Il devrait arriver sous peu

Le livre doit paraître incessamment

Il devrait arriver incessamment sous peu

Le livre doit paraître incessamment sous peu 

Au complète pour Au complet

Le 4 octobre 2018

Emplois fautifs

Quand il ne désigne pas un vêtement d’homme, le mot complet est un adjectif signifiant « à quoi il ne manque rien » et « achevé ». C’était aussi naguère un nom qui ne s’employait que dans des tours comme le complet d’un régiment, c’est-à-dire le nombre d’hommes requis pour que ce régiment soit entier. On a gardé une trace de cet emploi nominal dans la locution adjectivale au complet : un compartiment au complet, une troupe au complet. Il convient de rappeler que dans ces tours complet est un nom commun masculin singulier, comme le montre l’article contracté au et reste donc invariable. On dira donc Notre assemblée est au complet et non notre assemblée est au complète.

On dit

On ne dit pas

L’armée est au complet

Les deux équipes sont au complet

L’armée est au complète

Les deux équipes sont aux complètes

 

Préférer A que B

Le 4 octobre 2018

Emplois fautifs

Les verbes et locution verbale préférer et aimer plus que sont synonymes, mais ils ne sont pas suivis des mêmes compléments. Le verbe préférer se construit avec un complément direct et un complément indirect : Je préfère Jean à Louis, alors qu’avec la locution aimer plus que, les deux compléments sont l’un et l’autre compléments d’objet direct, celui qui est introduit par que étant le C.O.D. du verbe aimer sous-entendu : j’aime plus Jean que Louis s’analyse en effet comme j’aime plus Jean que je n’aime Louis.

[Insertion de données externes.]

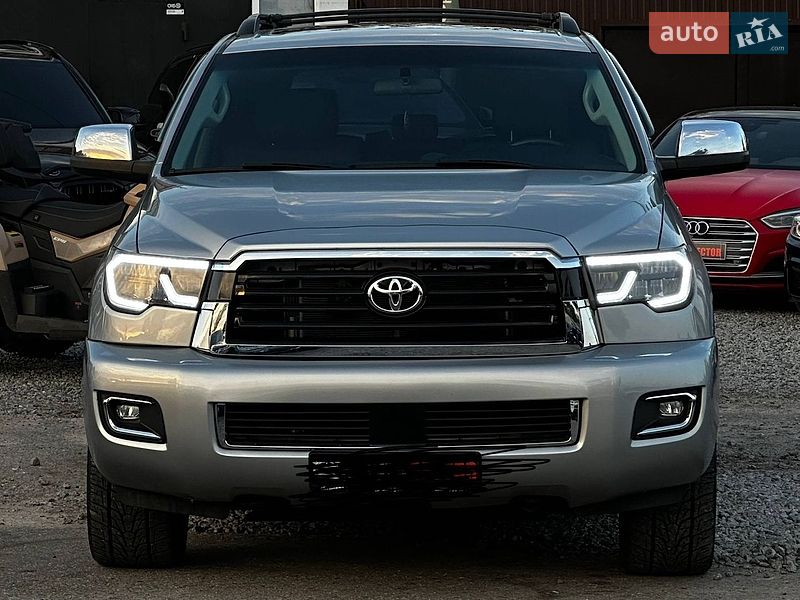 Внедорожник / Кроссовер Toyota Sequoia 2016 в Харькове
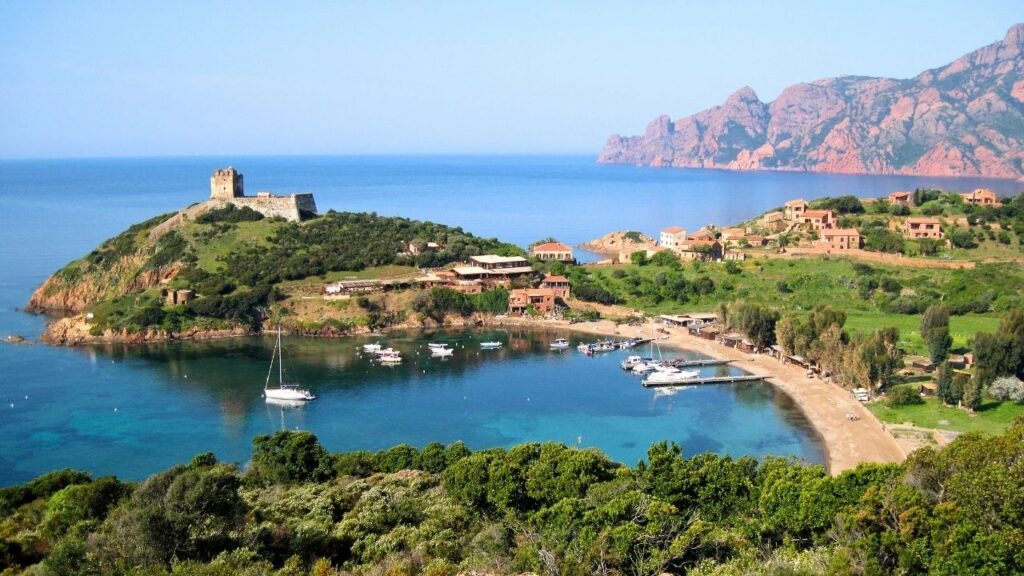 Sentier du facteur à Girolata Corse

Ces deux tours sont corrects, mais il ne faut pas les mêler pour en faire l’étrange et fautif préférer Jean que Louis.

On dit

On ne dit pas

J’aime plus les chiens que les chats, je préfère les chiens aux chats

Je préfère les chiens que les chats

Tant qu’à présent pour Jusqu’à présent

Le 4 octobre 2018

Emplois fautifs

La locution tant que, qui avait jadis encore un sens spatial signifiant « aussi loin que » (tant que la vue peut s’étendre), ne s’emploie aujourd’hui qu’avec une valeur temporelle et signifie « aussi longtemps que » : tant qu’il y a de la vie, il y a de l’espoir ; tant que je serai chef, les choses se passeront ainsi. Dans la langue classique, cette locution avait le sens de « jusqu’à ce que » et se construisait avec le subjonctif. On lit ainsi dans une fameuse chanson à boire du Bourgeois gentilhomme : « Sus, sus, du vin partout, versez, garçons, versez / Versez, versez, tant qu’on vous dise assez. » Mais même si tant qu’à a eu autrefois la valeur de jusqu’à, il faut veiller aujourd’hui à ne pas employer l’un pour l’autre et l’on se rappellera que tant qu’à présent est une incorrection.